DATA EXTRACTS.

══════════════════════════════

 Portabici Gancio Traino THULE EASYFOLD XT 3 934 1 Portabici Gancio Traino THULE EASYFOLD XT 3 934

══════════════════════════════

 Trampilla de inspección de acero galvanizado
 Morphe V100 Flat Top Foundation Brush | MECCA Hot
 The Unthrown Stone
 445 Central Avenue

══════════════════════════════

ASSIGNMENT. Look above for the line with "Morphe V100 Flat"; retype exactly that line, every line after it up to the line with "445 Central Avenue", and that line too, nothing else.

WRITTEN RESPONSE.
 Morphe V100 Flat Top Foundation Brush | MECCA Hot
 The Unthrown Stone
 445 Central Avenue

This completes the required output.